If you make a sensor of just one color light sensible photosites (therefore 1 photosite equals 1pixel) my instinct tells me that either the pixels will be 200% bigger or you can squeeze 200% more pixels into the same surface of the sensor.
However I heard there is only a slight difference between monochrome sensors and color ones when it comes to noise or resolution. Why is that?
Just because someone does a comparison does not mean that it is meaningful.
For example, setting two systems to the same manual ISO in Av-priority mode is a TOTALLY BOGUS comparison.
There are really only two things that interest me when comparing color sensor monochrome to monochrome sensor monochrome.
One is ETTR at base ISO, and seeing how far down the shadows are usable. The other is how they compare for noise way above base ISO, with the exact same exposure, and Av and Tv values. That is all that matters for "high ISO low-light situations"; comparing the two systems in Av mode and the same manual ISO has absolutely nothing to do with anything practical, whatsoever, and the metering will nearly-normalize and nearly-mask any differences in QE. No environment dictates the practice of using a specific ISO setting.

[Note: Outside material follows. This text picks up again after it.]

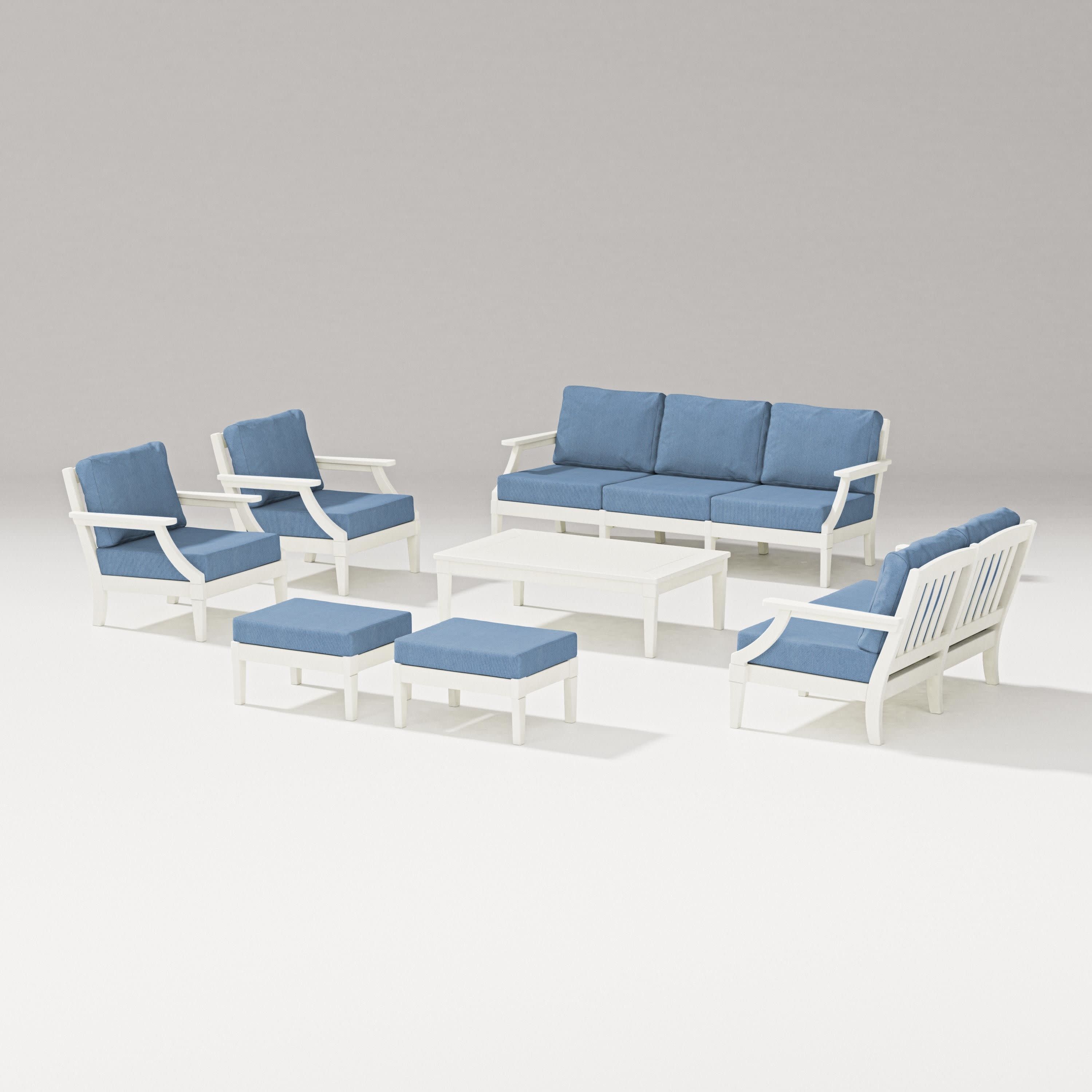 Estate 7-Piece Lounge Sofa Set in Vintage White / Sky Blue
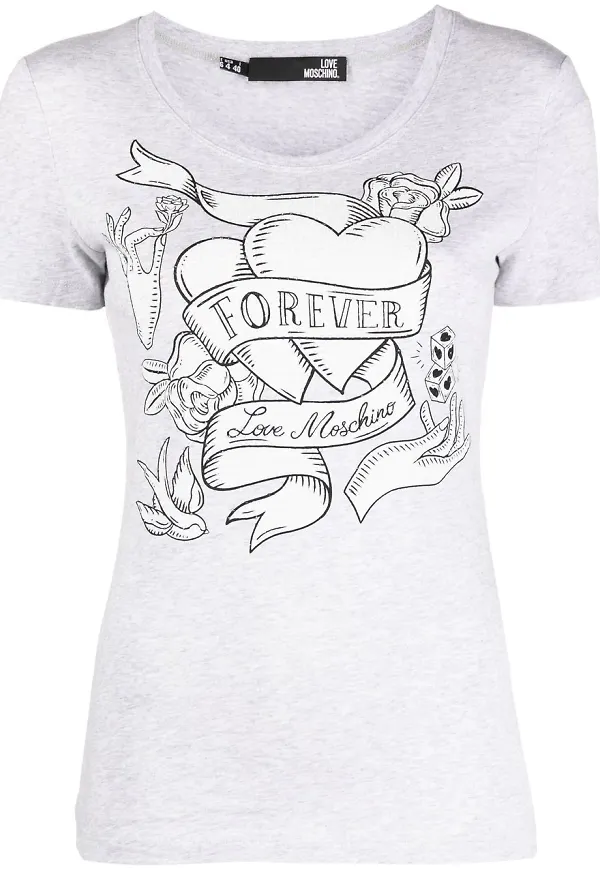 Love Moschino t-shirt med hjärttryck - Grå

Most comparisons that people do are too diluted to give any clarity as to potential differences; comparing noise at base ISO, for example, tells very little about the difference or ratio of SNRs, because noise is mostly subliminal and lost in processing. The color of the subject matter and the light source also make all the difference in the world, in the difference between color and monochrome sensors. You will see very little difference metered for the same ISO when the light or subject matter is a pink-ish magenta, because all the photowells are filling almost equally, regardless of color channel. For daylight, and white highlights, then the red channel will fall about a stop behind the green channel in filling the wells, and 1/2 stop behind in the blue channel, still, not a huge difference at lower ISOs. What if the light is a red LED, though? Now, the difference in QE is huge, about 12:1 or more.
There are no simple answers, here. You have to understand a lot of details to estimate how and why the photowells will fill with various wavelengths, and how metering works.
As to resolution, the red LED is a good example of an extreme. Almost nothing will be recorded in 3/4 of the photowells, and you get low resolution with egregious potential aliasing with a color sensor. With the monochrome sensor, they all fill nearly equal to their neighbors, and fill much faster.